As impressões marcam o tempo, os
suores marcam a testa e o sangue mancha o clitóris recém violado e violentado
por um grupo de sombras fugazes atormentadas que reconheceram nas virgens um
prazer incontável. As brenhas aturdidas pela sua incapacidade de reação frente
aquele ato condenável observavam, sob rajadas de vento, as sombras se livrarem
das peças íntimas daquela fêmea ainda em fase de iniciação à puberdade.

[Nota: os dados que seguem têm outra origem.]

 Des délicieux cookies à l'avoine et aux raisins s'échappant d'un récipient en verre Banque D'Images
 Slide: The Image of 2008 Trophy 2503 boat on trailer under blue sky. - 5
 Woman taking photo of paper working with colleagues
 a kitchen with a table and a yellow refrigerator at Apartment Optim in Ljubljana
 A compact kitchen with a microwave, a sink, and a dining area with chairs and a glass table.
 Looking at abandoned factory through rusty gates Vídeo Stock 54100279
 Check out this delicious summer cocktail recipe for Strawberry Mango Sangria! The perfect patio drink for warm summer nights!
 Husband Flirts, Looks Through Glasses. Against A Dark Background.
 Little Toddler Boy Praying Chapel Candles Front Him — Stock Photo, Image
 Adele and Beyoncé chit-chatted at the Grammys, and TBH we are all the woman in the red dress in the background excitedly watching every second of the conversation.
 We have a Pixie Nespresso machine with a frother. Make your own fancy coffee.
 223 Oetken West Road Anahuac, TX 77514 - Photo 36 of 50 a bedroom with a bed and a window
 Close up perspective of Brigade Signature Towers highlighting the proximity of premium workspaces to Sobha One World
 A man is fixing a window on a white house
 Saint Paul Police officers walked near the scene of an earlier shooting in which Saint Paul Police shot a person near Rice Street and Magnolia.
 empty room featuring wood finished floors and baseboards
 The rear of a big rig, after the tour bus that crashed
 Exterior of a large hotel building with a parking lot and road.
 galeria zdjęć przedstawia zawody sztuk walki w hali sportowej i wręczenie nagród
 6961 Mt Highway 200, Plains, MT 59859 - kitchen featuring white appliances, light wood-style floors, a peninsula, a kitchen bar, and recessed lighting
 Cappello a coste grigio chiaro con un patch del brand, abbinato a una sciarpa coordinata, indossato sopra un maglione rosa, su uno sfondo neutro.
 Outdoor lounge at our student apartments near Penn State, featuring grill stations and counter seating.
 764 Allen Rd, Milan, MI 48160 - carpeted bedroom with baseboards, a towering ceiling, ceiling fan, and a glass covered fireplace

Sobre
uma forte tontura, a vítima permanecia em estado de semi-consciência abrindo
caminho por entre as nádegas empinadas e o sexo exposto. Atiraram-se contra o
pequeno corpo como urubus carniceiros esmagando-se e exterminando qualquer
última investida de sobrevivência da pobre vida. Os calores sufocantes daqueles
corpos opacos se misturavam a frialdade da pele clarinha juvenil num contraste
irritante de malevolência, um por um descarregou seu excesso de morbidade na
pequena até que entupida de tal nojo sucumbiu aos líquidos mortíferos sem ao
menos acordar do mais belo sonho, a infância. Mesmo sentindo a frieza daquela
que já se fora, os monstros da noite ainda se deliciavam com a carne fresca até
que se fartaram e largaram-na ao vento furtivo, um corpo inútil. A noite recebe
mais uma para encher a sua lista, e contente ela vai a se despir para que a
embaraçosa manhã possa cumprir seu turno e trazendo consigo a agonia de mais um
dia de pesar.
Arrastados os chinelos de dedo escorregaram morro abaixo levantando a
poeira das encostas e convidando os outros a participarem da estranha
caminhada. Muitos já começavam a se lamuriar. Mais embaixo aqueles de mais
coragem constataram mais uma hóspede da eterna escuridão noturna, a diversão
ainda rolava nos botequins e nos cabarés, a comunidade adaptou-se aquilo, a
vida continuava, mas não para a pequena ensangüentada debruçada nas relvas do matagal.
Um por um olhavam atônitos a cena, mais em nada poderiam intervir, se não pondo
a cabeça entre as coxas e lamentar, resmungar e chorar as primeiras lágrimas do
dia.
Mais uma manhã despertava os seres marginalizados para uma realidade
que eles buscavam evitar durante as horas que se passavam a pouco. Uma dura
existência amenizada por nada e apenas iludida pelas estratégicas peças que a
noite prega naqueles que pensam ser dela amigos.